The vast majority of people assume that something is a better product if it is "Patented" so "Patent Pending" in their minds means that the product will be patented and therefore is a better product and desirable/worthwhile to purchase. Apply for the patent with no expectation to receive it.
FastCap is a marketing machine. Many of their patented products will be copied and they will not care. They have a leg up on competition by their brand. People now believe that a patented FastCap product is better and will purchase it without researching other brands or products. They have won the battle before it has started through their brand. I learned this info when I designed and fabricated what I believe to be a superior sharpening guide.
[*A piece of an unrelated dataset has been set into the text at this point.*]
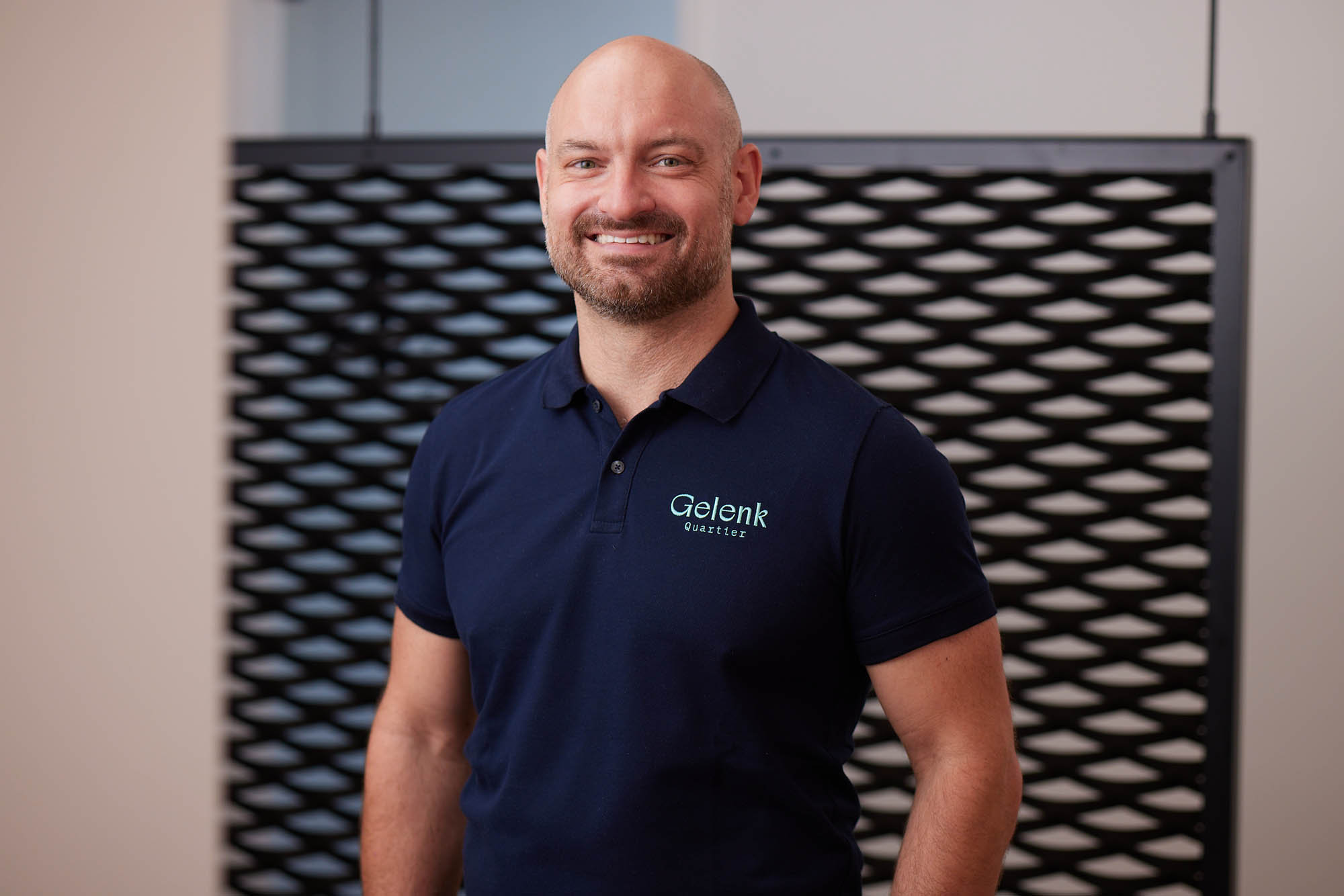 Dr. Zimmerer lächelt vor einer Wand stehend in die Kamera. Er trägt ein dunkelblaues Poloshirt mit dem Logo „Gelenkquartier“.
It had all the right stuff (elegant design, ease of manufacture, superior function, etc.). However, I paid a patent attorney a few hundred bucks to explain the above. He encouraged me to file my own app if I truly was interested in busting my butt to sell a bunch of tools. He likewise encouraged me to license my idea to a company like Lee Valley (this was ten years ago before FastCap).
Designing the best mouse trap never beats superior marketing of a decent mousetrap. There are hundreds of mousetrap patents, yet most people buy the old school wood ones made right here in the USA.
From contributor E:
We have several design registrations (patents) for furniture items we designed. The first one we did through a lawyer, who happened to teach patent law in a university. All the drawings and documents were returned by the patent office, for various reasons. These were all inspected by the lawyer and he submitted them himself. Every time you involve the lawyer the bill keeps going up and up. In the end we spent thousands to protect our design in 3 different countries, which is fine. The next series of registrations we did on line on our own, and not one of them came back, and it costs about $400 each time. All of the products that we hold patents on, to my knowledge have not been copied. We have table designs that at least two companies have copied, which we didn't bother to try to register. A patent may save you, but the truth is how deep are your pockets? There were two furniture companies who went to court over a patent infringement and it took 11 years and a $211,000,000 payout, not to mention the court costs.
From contributor H:
They may steal your idea, or they may not. Once you patent it, they may steal it or they may not. You have no control over their actions - you only have control over your own fear. Fear of losing something that is not making you any money and has been in your mind for how many years? Keith Ellis says: "if you want to make your dreams come true, you have to wake up." In other words you have to take action, some action towards your goal. Start a small action by trying to find the contact at the tooling companies you want to work with.
Make sure there is more than one company so that you have a comparison of attitudes and accountability as you progress. Once you know the contact, ask how they handle new ideas. How do they protect the inventor? If you don't like their answers then stop and find another. Don't show your invention until you have a contact and a contract you feel good about. Yes, they may steal it, but they may also sell the hell out of it. They may also tell you that it is not enough of a difference to be worth promoting. But you have to start making some action, or you will always have the "should-a would-a, could-a" on your shoulders. If they steal your idea than you are exactly where you are now with one exception, you will have learned how not to market an invention, and that will be very valuable on your next invention.
From contributor L:
If you can put a defining name of the product you can copy write that easily. Then go to some manufacturers with it. You have to get it to market with the power of a larger manufacturer behind it. Promotion and distribution take time and money; you don't have enough of either to do it on your own.